EXERCISE DESCRIPTION: Excluding images, repeat the data exactly as given.

DATA EXTRACT:

※ ※ ※

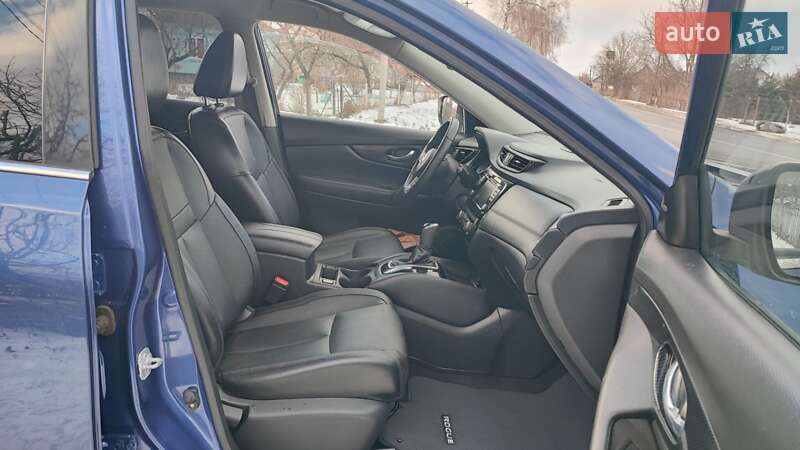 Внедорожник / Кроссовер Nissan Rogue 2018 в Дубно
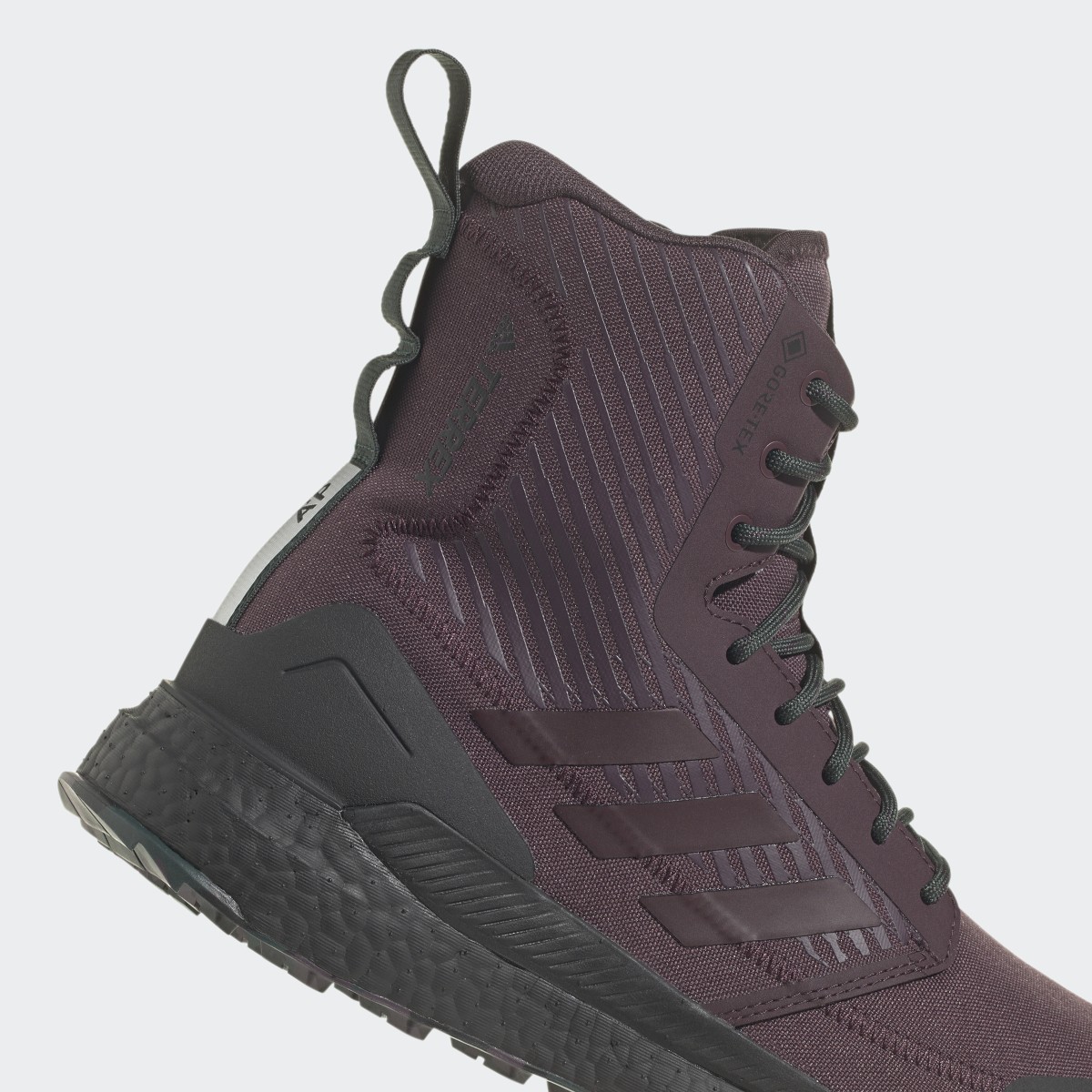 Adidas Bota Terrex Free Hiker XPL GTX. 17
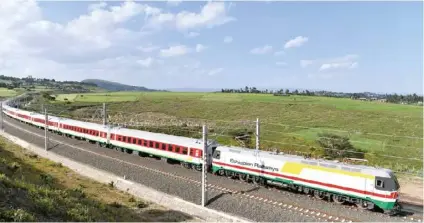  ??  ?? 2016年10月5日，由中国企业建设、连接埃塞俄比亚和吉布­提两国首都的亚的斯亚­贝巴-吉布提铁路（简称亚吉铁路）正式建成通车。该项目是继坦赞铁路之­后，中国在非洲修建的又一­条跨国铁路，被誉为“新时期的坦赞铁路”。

※ ※ ※

SOLVED PROBLEM:
 Внедорожник / Кроссовер Nissan Rogue 2018 в Дубно
 Adidas Bota Terrex Free Hiker XPL GTX. 17
  ??  ?? 2016年10月5日，由中国企业建设、连接埃塞俄比亚和吉布­提两国首都的亚的斯亚­贝巴-吉布提铁路（简称亚吉铁路）正式建成通车。该项目是继坦赞铁路之­后，中国在非洲修建的又一­条跨国铁路，被誉为“新时期的坦赞铁路”。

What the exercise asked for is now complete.